His grandfather was Anthony Piccolo Sr., who founded Piccolo Pete’s in Omaha in 1934. His uncle, aunt and mother all ran the store. He is the heir to the dynasty.

It was more than a restaurant opening. It is fate which is fulfilled.

I’m writing this post as a commentary, rather than just news, as it was never going to be a normal story. It became clear last fall at a Lincoln convenience store. As I stood at the counter wearing a Papillion Times t-shirt, an elder patted me on the shoulder. He had two things to ask me.

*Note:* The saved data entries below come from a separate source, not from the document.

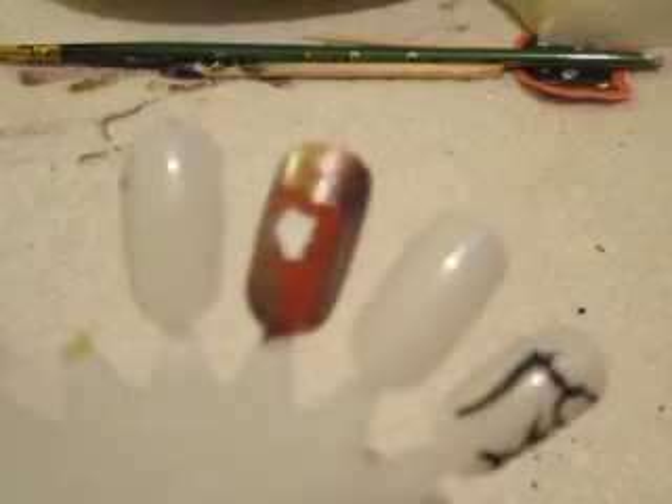Hey, guess what that is. That's pumpkin pie! Wasn't that easy. Something quick, fast, and in a hurry. We'll see you next time. Thanks, guys. Bye.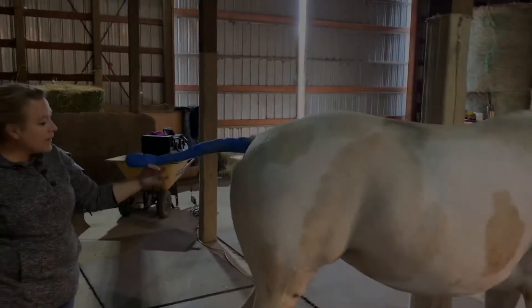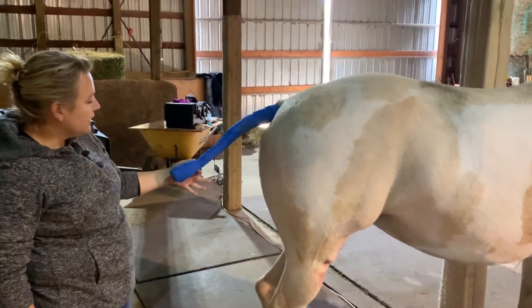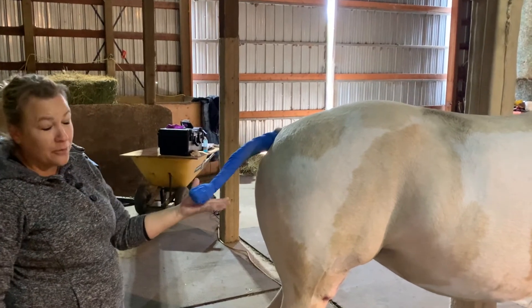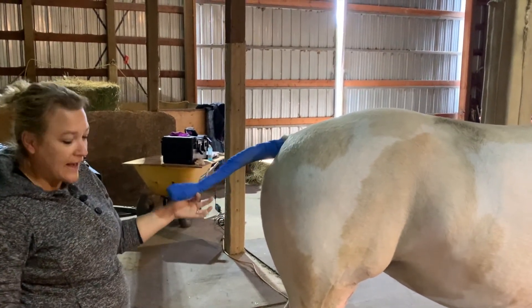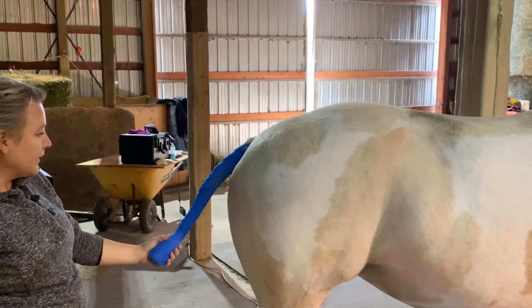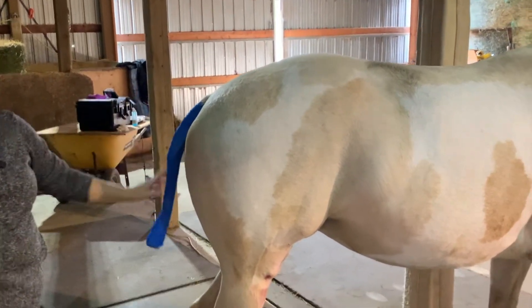When I do back leg injections, I always do a nice wrap of the tail. This will hurt when they hit you in the head with it, but you won't get hair in your sterile field — you won't get a horse really swishing their tail into your work area. I do wrap tails.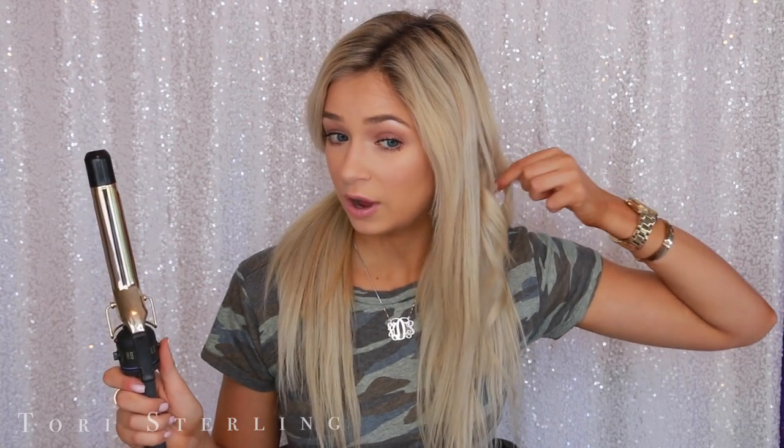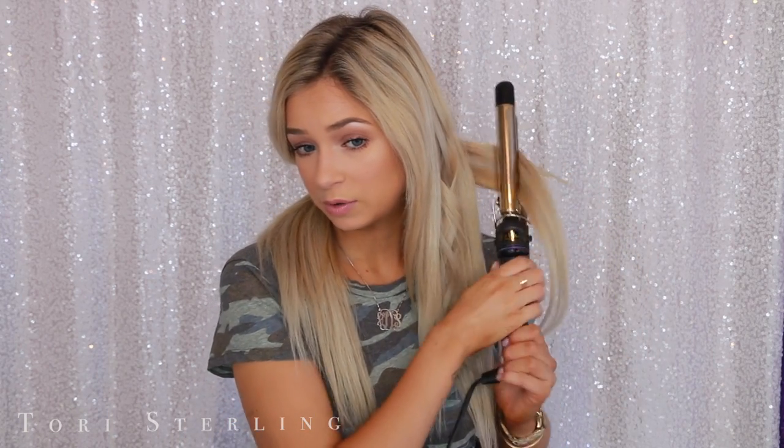Then you have your curl going away from your face and your curl going towards your face — can you see the difference? Normally I curl in big sections and start in the back. The sections I take are about one inch, though they change depending on what I grab — sometimes thicker, sometimes thinner.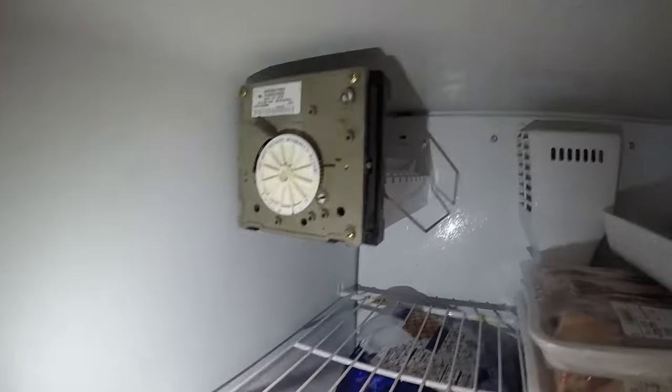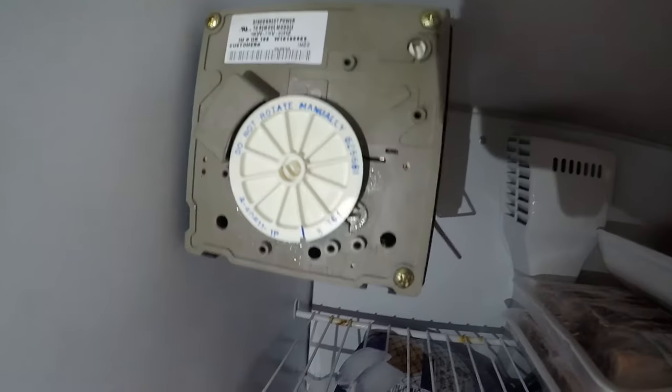Guys, I hope you enjoyed the video and I hope this helps. If you've got an ice maker that's not working, I hope this helps you out.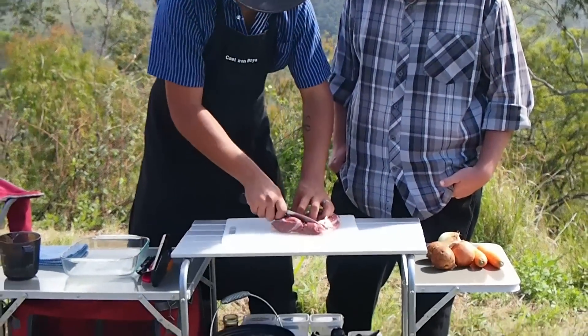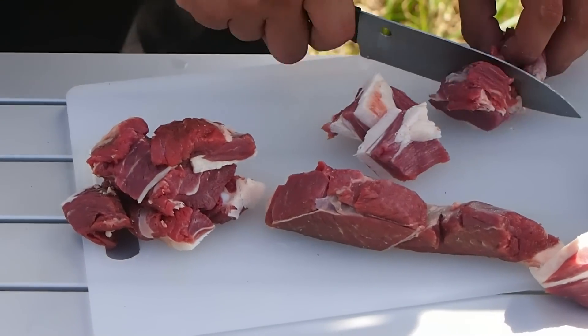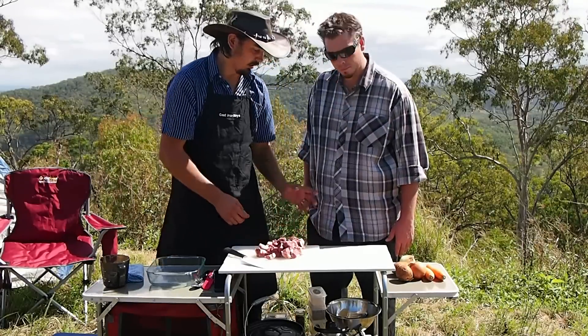I'm going to start off by dicing my lamb into big pieces. That lamb looks good. I'm going to keep it nice and thick here. I've just finished cutting up my meat into very big pieces.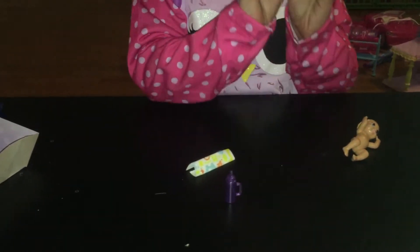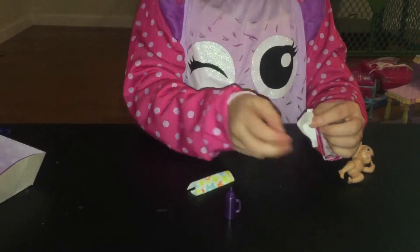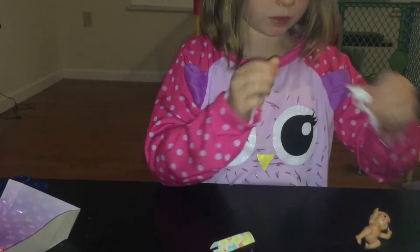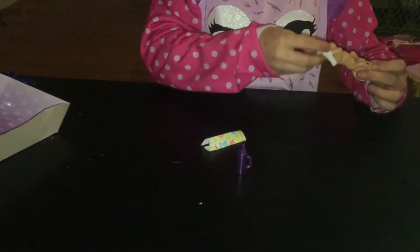So here's what I got. You can take the diaper off. I don't know why you can't take the side off. I guess that's how it comes off. It looks like you can of course put the diaper back on if you want to.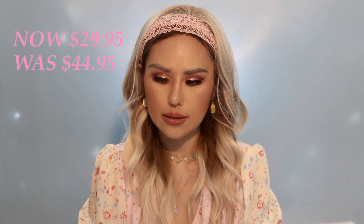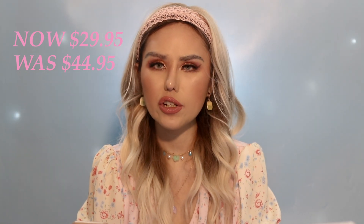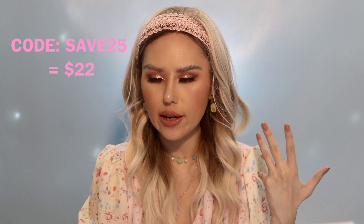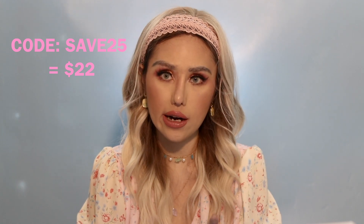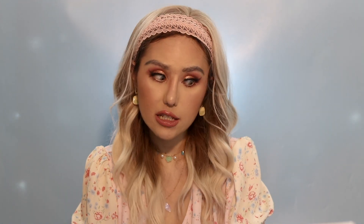This Glamic Beauty Magnetic Eyelash Trial Kit — 3 pack of magnetic eyelashes and a magnetic eyeliner — retails for $29.95. They used to retail for $44.95. You can save more money by using the code SAVE25 for 25% off, so it's going to cost you around $22. It's a really good deal — you get three pairs of magnetic eyelashes, a magnetic eyeliner and tweezers as well.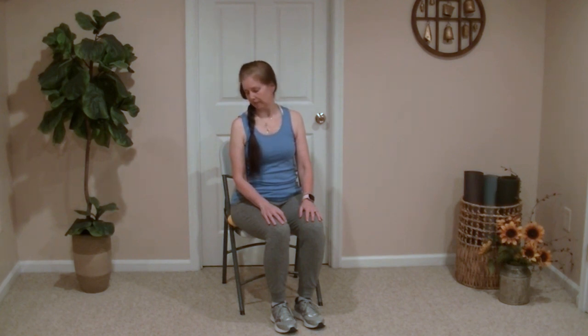Sitting up nice and tall, let's start with some head rotations. We'll rock the head back and forth with slow, steady movements. Now let's do some head turns looking over the shoulder and switching sides. Next, let's tilt the head back to feel the stretch in the front of the neck, and then tilt the head down to feel the stretch in the back of the neck as well. Working out all the kinks in the neck.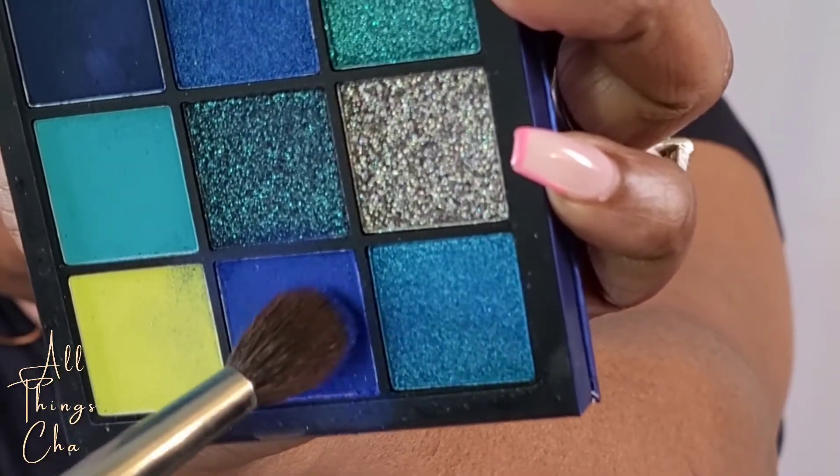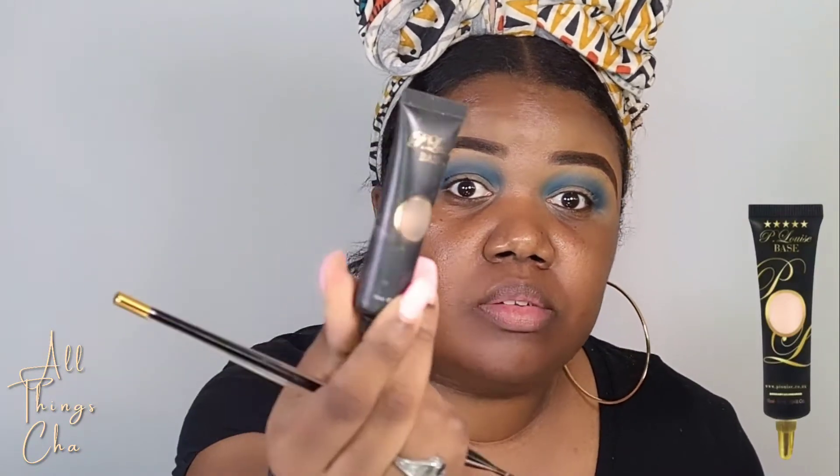Let's get started. I always start with a misting spray; eyebrows are done off-camera. Now we're going to start with this beautiful blue color in the crease. To deepen that crease color we're going to use the navy blue. Now let's clean up those edges with the light blue color.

1. “Didn’t I know the Papillion Times was still in business?” Not the best start, but okay.

2. “I heard that Piccolo Pete was opening a back-up. How long will it take? “

This was followed by a short but charming anecdote about him and his wife and their favorite restaurant. He couldn’t wait to have dinner again.

News broke in mid-September that Piccolo’s, one of Omaha’s oldest and most beloved Italian steakhouses, was making a comeback at a restaurant in Papillion. Sheehan even teased him in a Facebook post in August, showing a phoenix rising from the flames.

Even in a fractured media landscape, the ad created an online bushfire in blogs and social media platforms. He even made the international website wetheitalians.com. The mention of Piccolo Pete sparks waves of nostalgia in the comment sections. First Communions, birthdays and anniversaries were celebrated there, as well as guests from other establishments.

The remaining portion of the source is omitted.